Chairwoman Hautala met on 17th of November with Mr Francis Deng, UN Special Adviser for Prevention of Genocide. The meeting was held to discuss the numerous activities of the Special Advisor and to explore ways the European Parliament Subcommittee could cooperate with his office.[:]
European Parliament Subcommittee on Human Rights held a hearing on prevention of mass human rights abuses and mass atrocities, together with the European Parliament Development Committee, on 18th of March 2010. The meeting with Special Advisor was held on 17th of November to continue the excellent discussion with the Office of the UN High Commissioner for Human Rights, which was commenced at the Subcommittee hearing in March.
Prevention of genocides has been one of the most challenging tasks of the UN. Special Adviser Deng told Chairwoman that despite his mandate foresees him determining whether there may be a risk of genocide, much of his activities are focused on taking steps to prevent genocides or mass atrocities in several different ways. In particular, his office collects information and analyses it in order to function as a so called early warning mechanism on the possibility of genocide or other grave abuses. Chairwoman furthermore appreciated that navigating this field at times within the UN framework can be challenging as this type of violent outbreaks most often carry heavy political undertones.
It is most important to note that the mandate of the Special Adviser instructs him to focus exclusively on prevention of genocide, not on judging whether genocide has or has not taken place. Instead, focus is given to the longer period of time surrounding the events. Indeed, Special Advisor considers that genocide can be a long progression of negative events instead of only one distinct instance. During period of negative developments it is for him to create space to halt such tendencies. Cooperation with all officials and UN Member States is vital in this process, he stressed.
Chairwoman noted that in a fast moving world the mandate of Special Advisor should be adaptable in the best possible way to prevent genocides and mass atrocities. It is crucial to remain open to different ways the early warning signs could be responded to and in this effort partnerships are vital.

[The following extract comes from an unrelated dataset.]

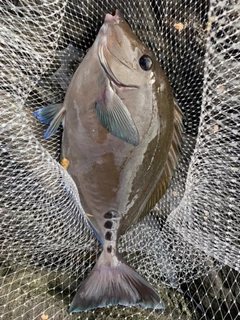 サンノジの釣果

In the new Post-Lisbon structures it is legally foreseen that the EU promote international law in its external relations. While EU has been vocal supporter of universal human rights norms, much remains to be done in the performance of the Union in its bilateral relations and at the international fora. To look into this performance, further discussion at the Subcommittee will take place in the future. Chairwoman assured the Special Advisor of her commitment to ensure best possible cooperation between his office and the European Parliament Subcommittee on Human Rights.